Johnson called Cummings ‘total and utter liar’ after Barnard Castle row
Boris Johnson raged that Dominic Cummings was a “total and utter liar” after his lockdown trip to Barnard Castle became public.
Mr Cummings, who appeared before the Covid inquiry on Tuesday, also said that the handling by Downing Street of the fallout from his trip was an “absolute car crash”.
Mr Johnson’s then chief adviser took a “short drive” to the town in April 2020, about 25 miles away from where he was isolating, on his wife’s 45th birthday – saying he was testing his eyesight after it was affected by Covid-19, to “see if I could drive safely”.
WhatsApp messages shared with Lady Hallett’s probe showed Mr Johnson claiming that his adviser had never told him he had gone to Durham.
In messages dated July 19 2021, Mr Johnson said: “Cummings a total and utter liar. He never told me he had gone to Durham during lockdown.
“I only discovered when the stories started to come out about Barnard Castle etc. I believed Mary Wakefield when she wrote a piece in spec giving impression they had been in London the whole time.

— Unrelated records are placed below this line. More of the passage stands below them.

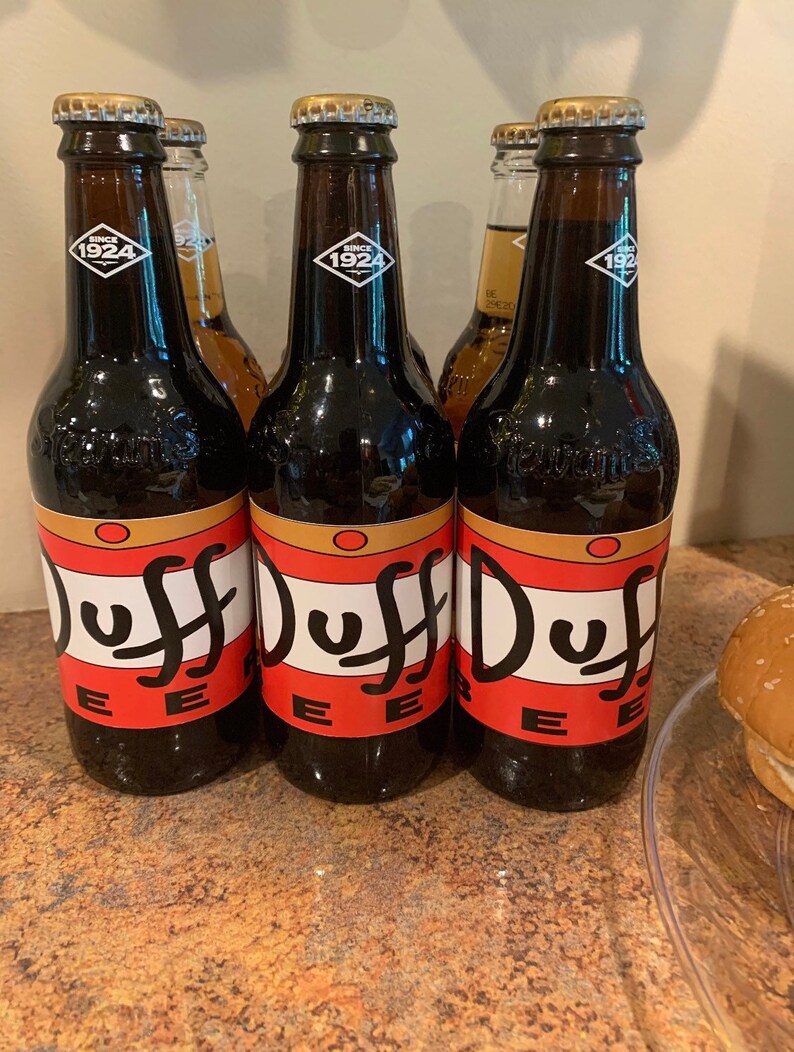 Duff Beer Bottle Labels The Simpsons Duff Beer Labels The Etsy
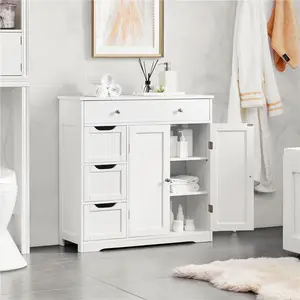 Yaheetech Bathroom Floor Cabinet, Large Storage Space Wooden Organizer with 1 Big Drawer, 3 Small Drawers & 2 Doors, Free-Standing Cupboard for Kitchen and Bathroom Use Yaheetech Bathroom Floor Cabinet, Large Storage Space Wooden Organizer with 1 Big Drawer, 3 Small Drawers & 2 Doors, Free-Standing Cupboard for Kitchen and Bathroom Use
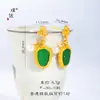 Pu Zuo Jindian Mesmo Estilo Ouro Areia Pérola Galhos Dourados e Folha de Jade Brincos Elegantes Moda Atmosférico Pérola Fulu Brincos de Cabacinha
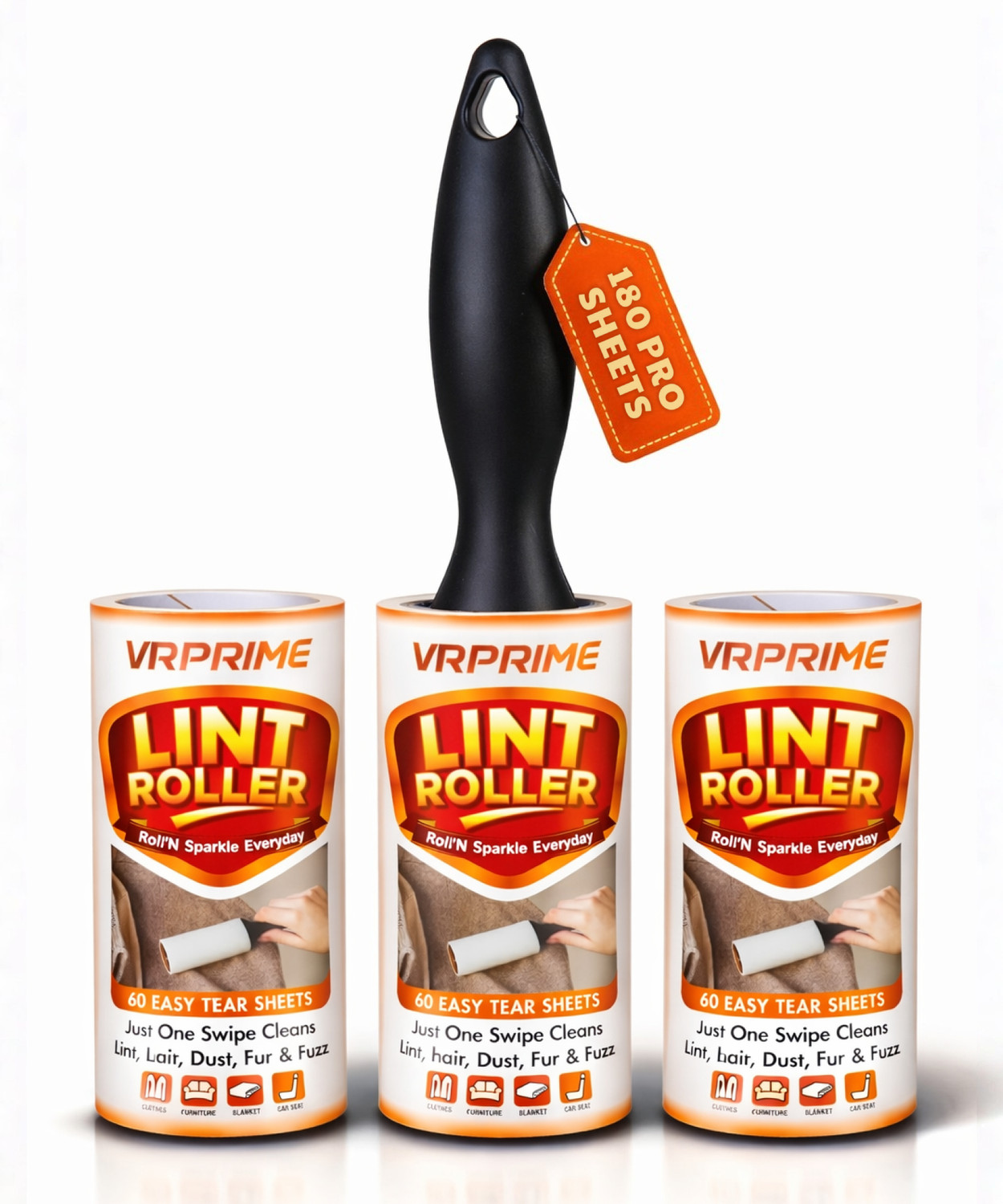 Image of VRPRIME 180 Sheets Lint Roller Remover for Clothes Reusable Sticky Easy-Tear Sheet Lint Roller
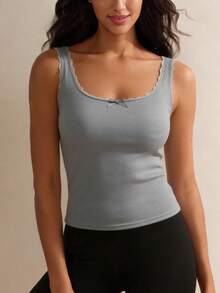 1pc Summer Versatile Pure Lace Butterfly Knot Camisole, Fitted Layering Sleeveless Top For Women - Grey - View 1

“He later claimed that he had told me but that my brain was so fogged by Covid that I didn’t register.
“It’s not true, I would have noted it.
“He never told me. I then tried my very best to defend him.”
Mr Cummings was questioned by counsel to the inquiry, Hugo Keith KC, about the high-profile controversy and the impact it had on confidence in the Government.
He said Downing Street’s handling of the matter “did cause a lot of people pain”.
Mr Cummings said: “It was certainly a disaster, the whole handling of the situation.
“But there were other factors involved with it all as well – testing and PPE and many other things were all going haywire at the time.”
Mr Cummings said it was “completely reasonable” for security reasons to move his family out of his house, but on the Barnard Castle disclosures he said the way it was “handled, it was an absolute car crash and disaster and did cause a lot of people pain”.
But he added: “In terms of my actual actions in going north and then coming back down, I acted entirely reasonably and legally and did not break any rules.”
At the time, Mr Cummings declined to apologise, saying his actions were “reasonable in these circumstances”, adding: “I don’t regret what I did” – something which he reiterated to the inquiry on Tuesday.
Durham Police previously said officers had concluded “there might have been a minor breach of the regulations that would have warranted police intervention”, but did not intend to take “retrospective action”.
In March 2020, Mr Cummings also made a controversial 260-mile drive from London to Durham with his wife, journalist Mary Wakefield, and their four-year-old son, to stay on his parents’ farm while strict travel restrictions were in place.
In an extraordinary press conference in the 10 Downing Street garden in May of the same year, he said his journey to Durham was justified as he sought to protect his family’s health.